Das Finanzpaket für jede Schule muss sowieso individuell geschnürt werden. Da zählt etwa: Hat die Schule sich auf den Weg gemacht wie die Grundschule Mainzer Straße in Richtung Rhythmisierung? (Anm. d. Red.: rhythmisierte Klassen verbringen in einem Gesamtkonzept Vor- und Nachmittag zusammen – anders als im Offenen Ganztag, außerdem gibt es auch nachmittags Unterrichtseinheiten) Oder ist es eine Schule, die den Ganztag als additives System daneben stehen hat? Ich plädiere dafür, dass die Schulen, die sich wirklich auf den Weg gemacht haben hin zu Rhythmisierung: Dass die eine andere Finanzierung bekommen müssen als die Schulen, die weiterhin auf das additive System setzen. Dafür brauchen wir einen Katalog von Kriterien. Wir brauchen eine Differenzierung.
Sie haben 21 Standorte mit knapp 4.000 Schülern. Wie viele Träger gibt es in Köln? Gibt es da Konkurrenz?
Ja natürlich. Es gibt 52 Träger in Köln, das sind auch viele Fördervereine mit nur einer Schule, und daneben sieben, acht größere Träger. Es wird gar nicht so sehr über den Preis entschieden. Aber wenn die Qualität nachlässt, dann werden Schulleitung und Eltern unruhig und probieren es mit einem anderen Träger. Dieser Druck ist da.
Können Sie denn gemeinsam mit den anderen Trägern auch ihrerseits mal Druck machen?
Gute Frage. Es gibt die Liga der Wohlfahrtsverbände, da tauschen wir uns aus und versuchen, Lobbyarbeit zu machen. Aber so ein Druckmittel, dass wir sagen, wir können das nicht mehr – das funktioniert eben wegen der Konkurrenz der Träger nicht. Irgendwer sagt dann: Okay, dann mach ich das. Wir können auf die Konsequenzen hinweisen. Aber so lange der Ganztag irgendwie funktioniert, schreit natürlich keiner.
Kürzungen von voraussichtlich 2,8 Prozent und seit Jahren vorher keine Erhöhung: Was heißt das real mit Blick auf die Inflation?
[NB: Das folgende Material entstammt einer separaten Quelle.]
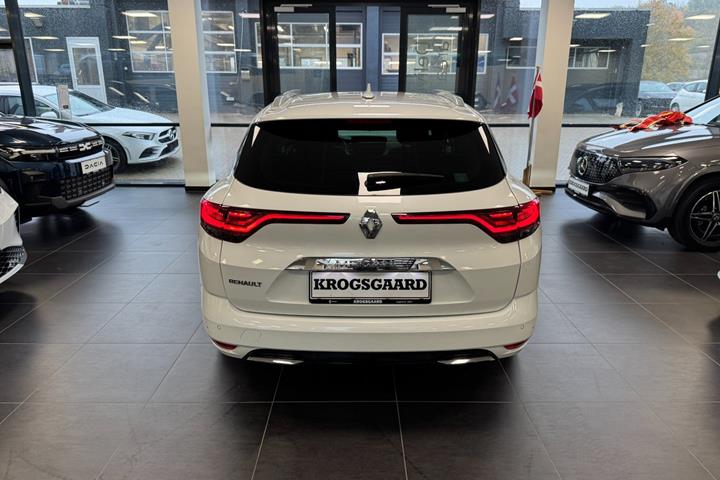 Hvid Renault Megane IV fra 2020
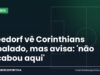 Seedorf vê Corinthians abalado, mas avisa: ‘não acabou aqui’ Arte da Manchete Esportiva sobre Seedorf e a reação prometida pelo Corinthians na luta contra o rebaixamento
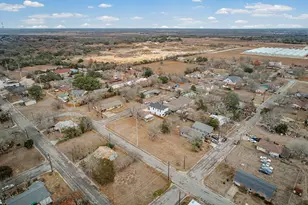 1006 4th St, Lockhart, TX 78644 - Photo 31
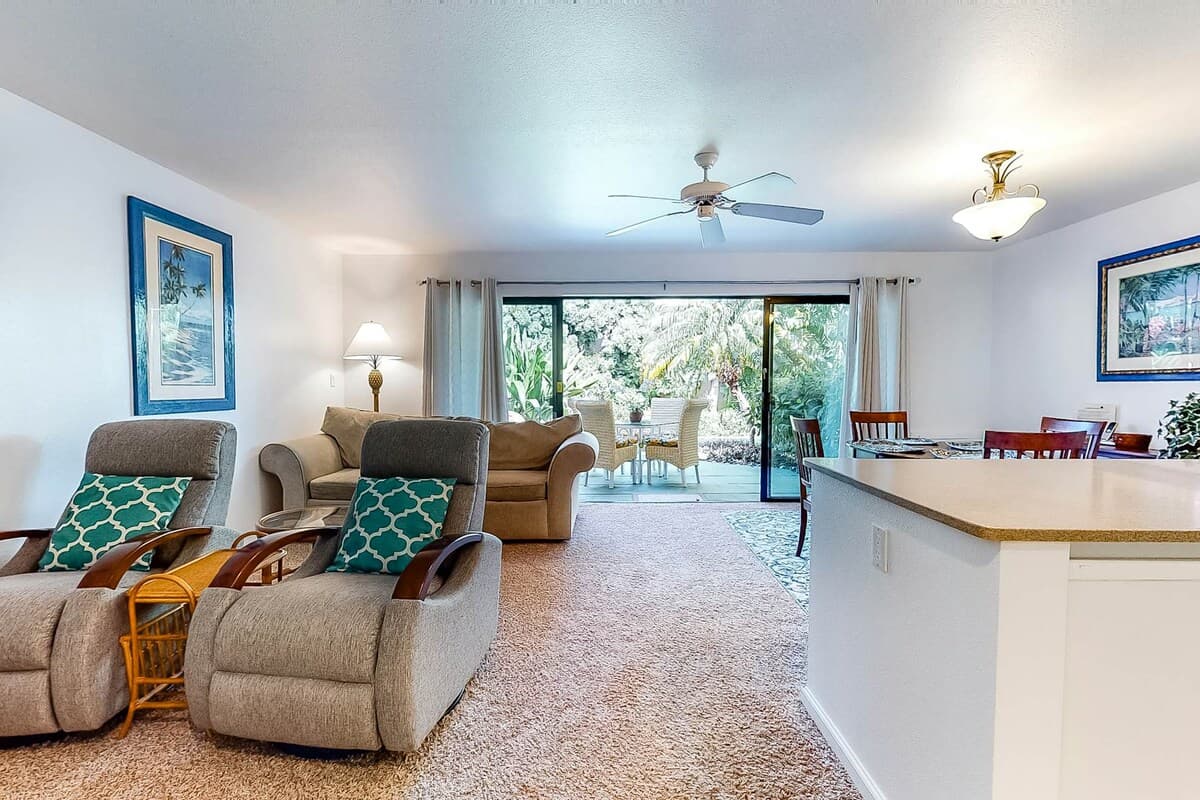 Condo in Kihei · ★4.24 · 2 bedrooms · 2 beds · 2 private baths - Photo 4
Ja, wir haben seit acht Jahren keine Mittelerhöhung. Als das Land die Mittel vor dem letzten Schuljahr erhöhte, kürzte die Stadt ihrerseits den freiwilligen Beitrag um die gleiche Summe, so dass bei uns nichts ankam. Hinzu kommen jetzt noch einmal die neuen Kürzungen bei der Stadt – mit Blick auf die Inflation landen wir da bei 16 oder 17 Prozent Realkürzung aus unserer Sicht.
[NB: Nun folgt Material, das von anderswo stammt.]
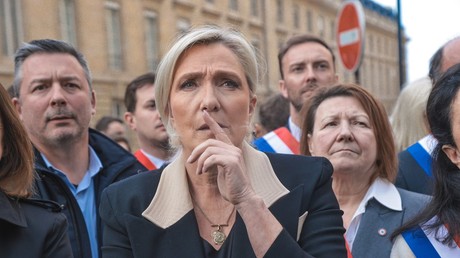 Inéligibilité : le Conseil constitutionnel tranche sans bouleverser l’avenir de Marine Le Pen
Was erwarten Sie von der heutigen Ratssitzung?
Die Kürzungen sind beschlossene Sache. Damit haben wir uns abgefunden. Wir müssen schauen, dass wir das so gestalten, dass die Kinder und unsere Mitarbeiter möglichst wenig darunter leiden.
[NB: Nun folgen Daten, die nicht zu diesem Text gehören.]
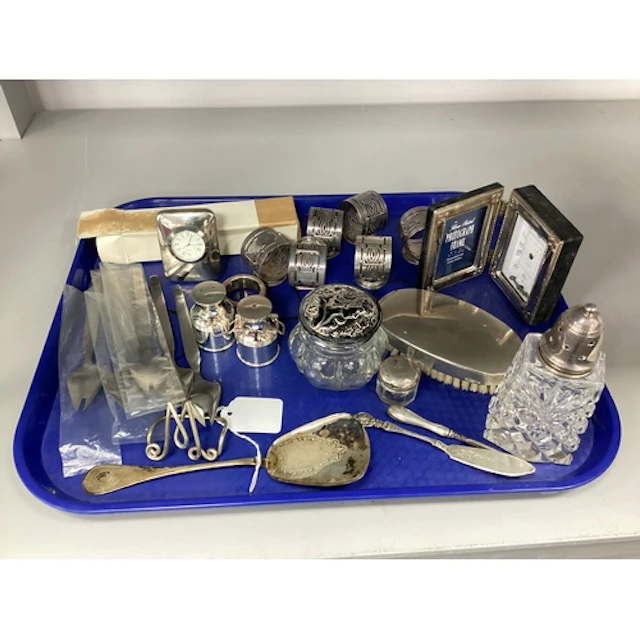Dunsheath Plated Napkin Rings, further napkin rings, glass s...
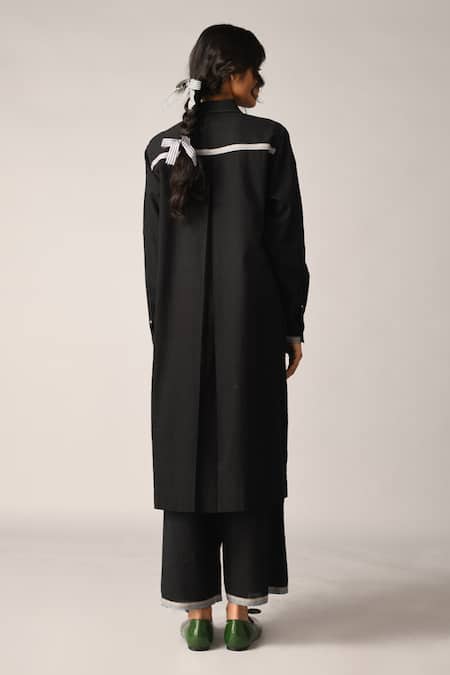 Shop Payal Pratap Black Handloom Cotton Collared Grandiflora Front Open Tunic at Aza Fashions Shop_Payal Pratap_Black Handloom Cotton Collared Grandiflora Front Open Tunic _at_Aza_Fashions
Kommen wir noch einmal zur guten Nachricht: Für das Schuljahr 2014/15 gibt es 1.500 neue Plätze.
Ja, das ist eine gute Nachricht. Aber wichtig wäre, dass auch finanziell pro Platz und auch räumlich in manchen Schulen nachgebessert wird und nicht nur bei der Anzahl der Plätze. Da wird es wohl bei den 1740 Euro bleiben. Aber dieser Pauschalbetrag ist zu gering.
Wenn Sie freie Hand hätten: Wie hoch müsste der Betrag sein?
Es gab Modellrechnungen vor drei bis vier Jahren. Und da reden wir von über 3.000 Euro pro Kind. Als es noch den Hort gab, vor dem Offenen Ganztag, da lag der Satz bei fast 4.000 Euro.
Was ist Ihre Prognose für die Zukunft?
Die Tendenz geht dahin, dass alle Kinder in Großstädten in den Ganztag gehen werden. Selbst an den Schulen, wo die Eltern nachmittags zuhause sind und ihr Kind daheim betreuen wollen: Da entsteht das Problem, dass die Kinder dann keine Spielkameraden haben, weil die alle in der Schule sind. Und dann sagen auch diese Eltern: Gut, eigentlich wollen wir das nicht, aber habt ihr nicht deshalb doch noch einen Platz?
Herr Meier, vielen Dank für das Gespräch.